## Task statement
Copy out exactly the stretch below, from the line with "Classic Bezel Set" through the line with "Ribbon Distressed Flag", both included; the pictures stay out.

## Records for processing
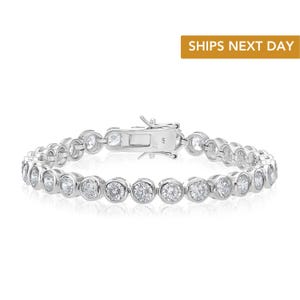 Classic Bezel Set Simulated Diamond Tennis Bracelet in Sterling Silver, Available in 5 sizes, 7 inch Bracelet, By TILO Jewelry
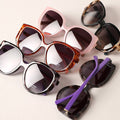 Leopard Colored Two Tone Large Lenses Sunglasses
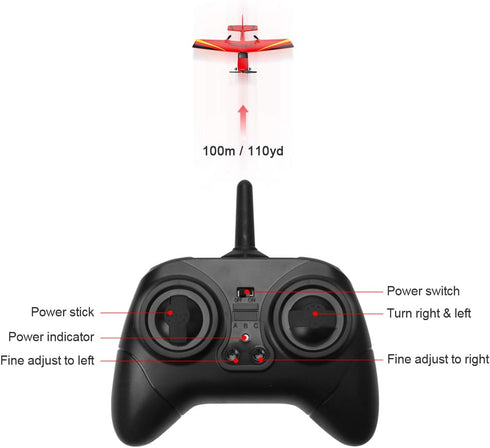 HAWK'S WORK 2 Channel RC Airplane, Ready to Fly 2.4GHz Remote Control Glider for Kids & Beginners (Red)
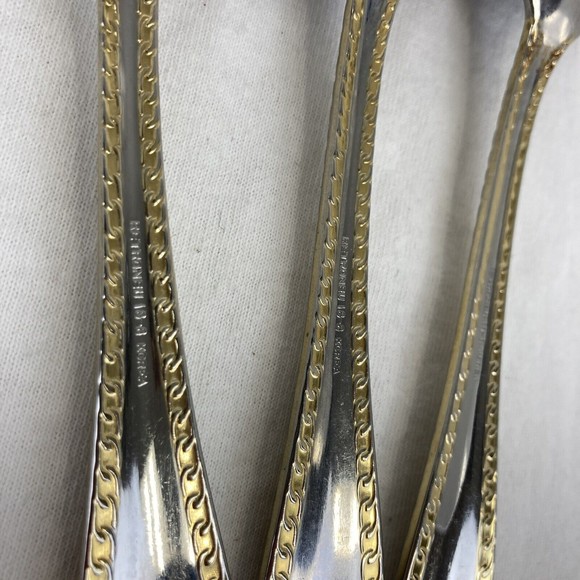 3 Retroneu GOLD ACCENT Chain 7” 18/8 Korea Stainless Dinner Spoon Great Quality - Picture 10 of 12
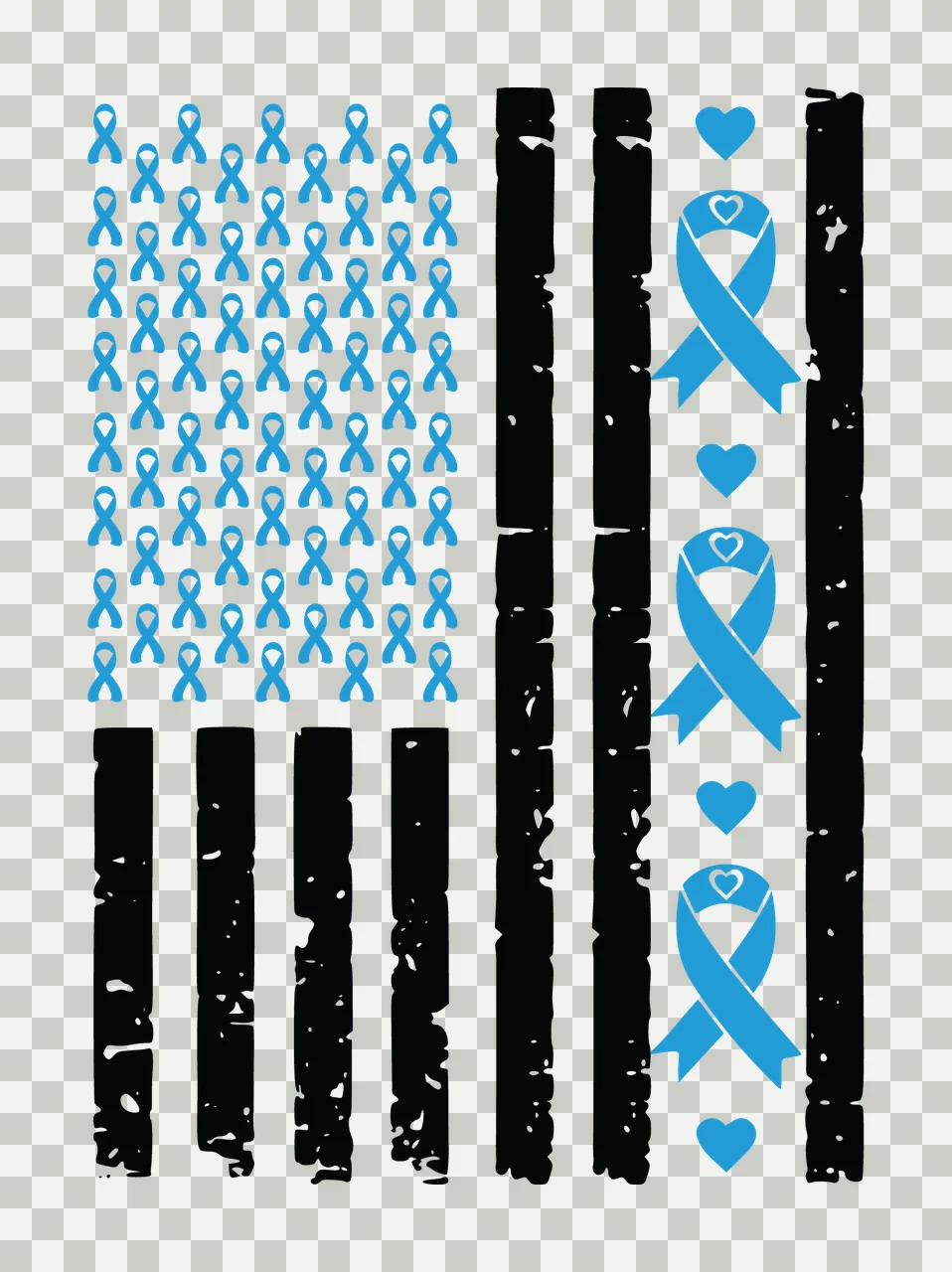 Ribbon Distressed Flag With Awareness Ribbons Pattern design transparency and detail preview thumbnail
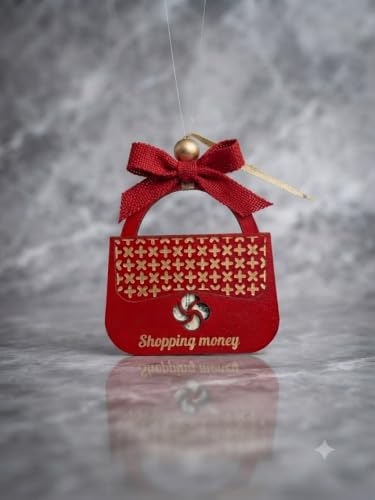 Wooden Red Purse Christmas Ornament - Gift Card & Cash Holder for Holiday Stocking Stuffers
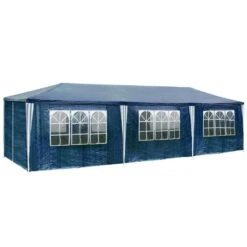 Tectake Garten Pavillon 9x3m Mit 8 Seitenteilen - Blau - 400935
...
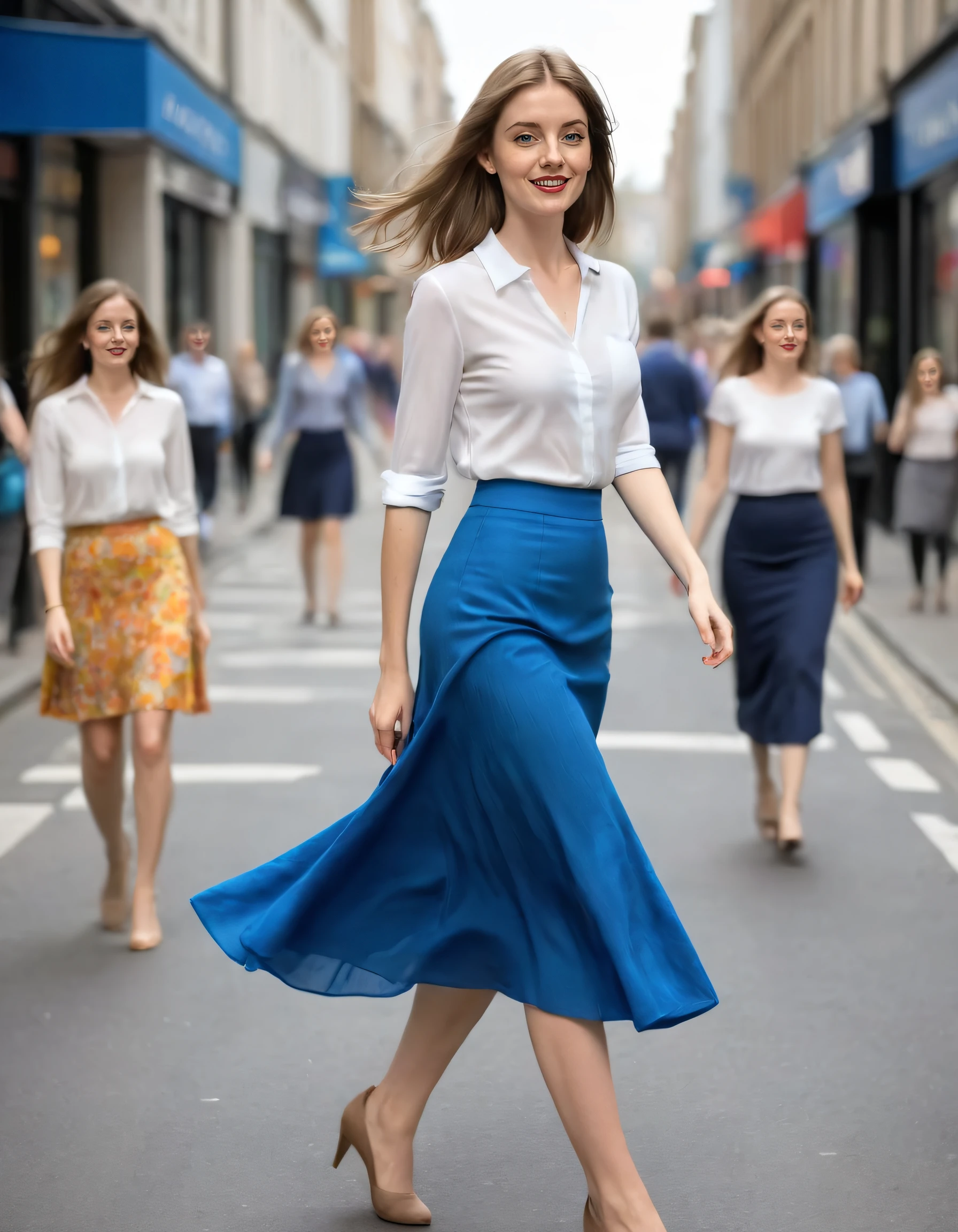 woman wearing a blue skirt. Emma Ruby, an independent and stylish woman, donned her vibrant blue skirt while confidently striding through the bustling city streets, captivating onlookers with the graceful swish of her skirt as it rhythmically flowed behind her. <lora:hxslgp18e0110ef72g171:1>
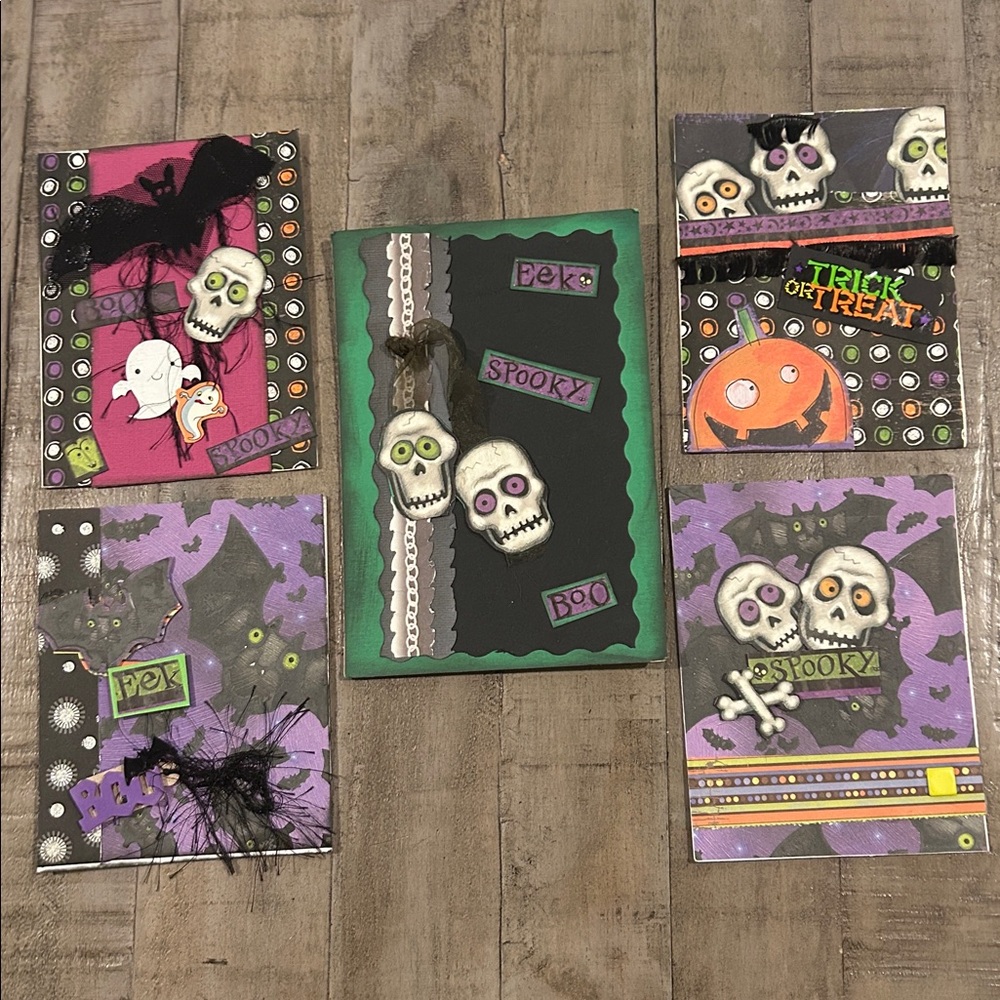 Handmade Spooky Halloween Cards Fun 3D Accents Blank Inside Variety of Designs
---
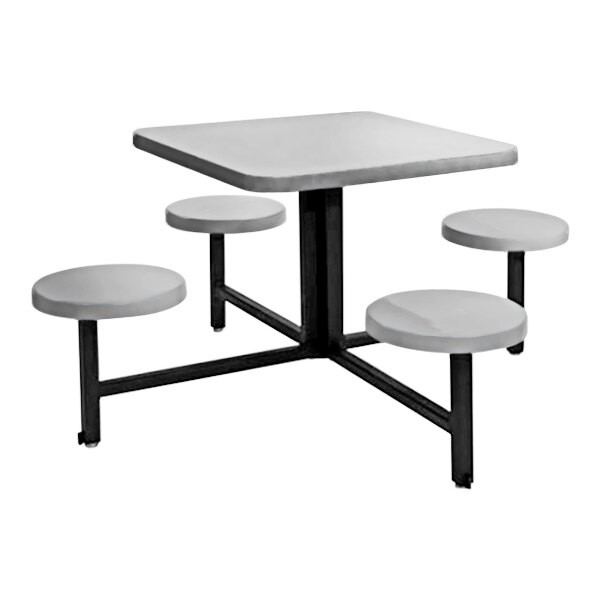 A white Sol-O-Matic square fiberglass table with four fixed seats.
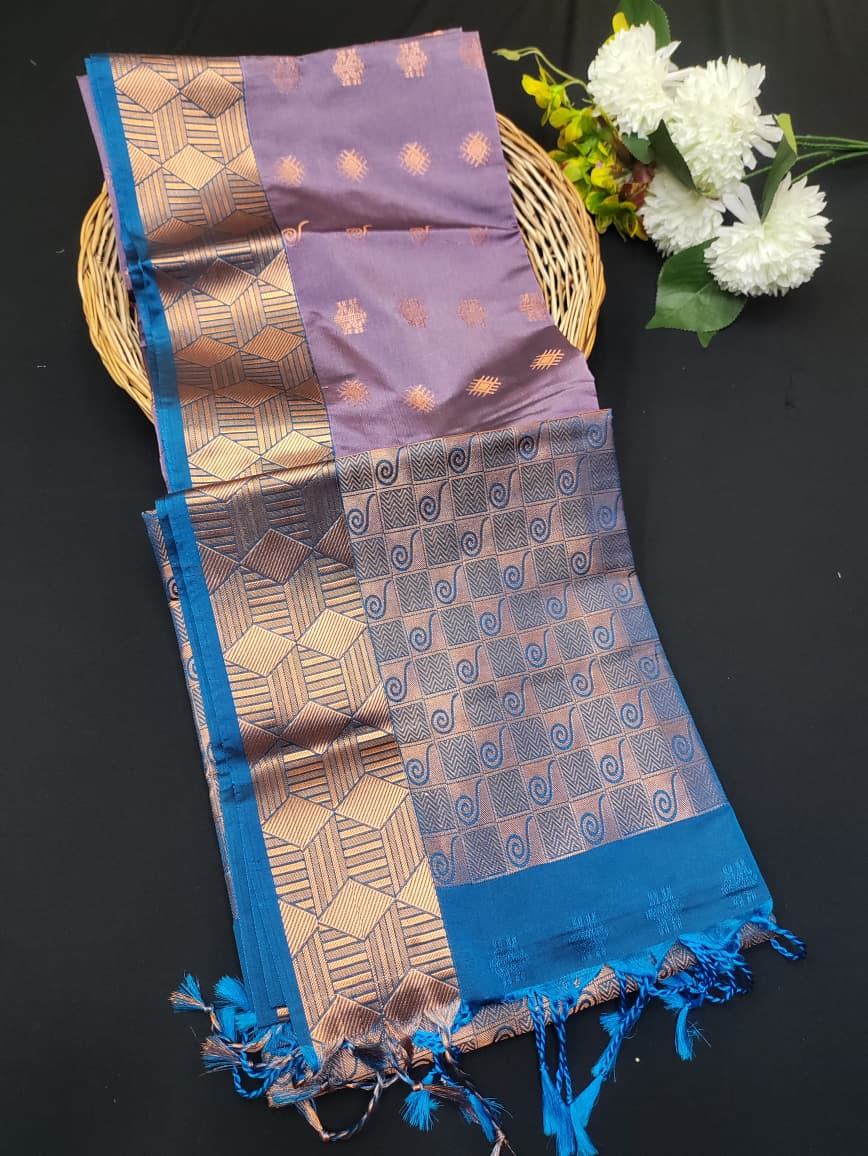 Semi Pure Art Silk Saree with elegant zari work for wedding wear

## Result for this exercise
 Classic Bezel Set Simulated Diamond Tennis Bracelet in Sterling Silver, Available in 5 sizes, 7 inch Bracelet, By TILO Jewelry
 Leopard Colored Two Tone Large Lenses Sunglasses
 HAWK'S WORK 2 Channel RC Airplane, Ready to Fly 2.4GHz Remote Control Glider for Kids & Beginners (Red)
 3 Retroneu GOLD ACCENT Chain 7” 18/8 Korea Stainless Dinner Spoon Great Quality - Picture 10 of 12
 Ribbon Distressed Flag With Awareness Ribbons Pattern design transparency and detail preview thumbnail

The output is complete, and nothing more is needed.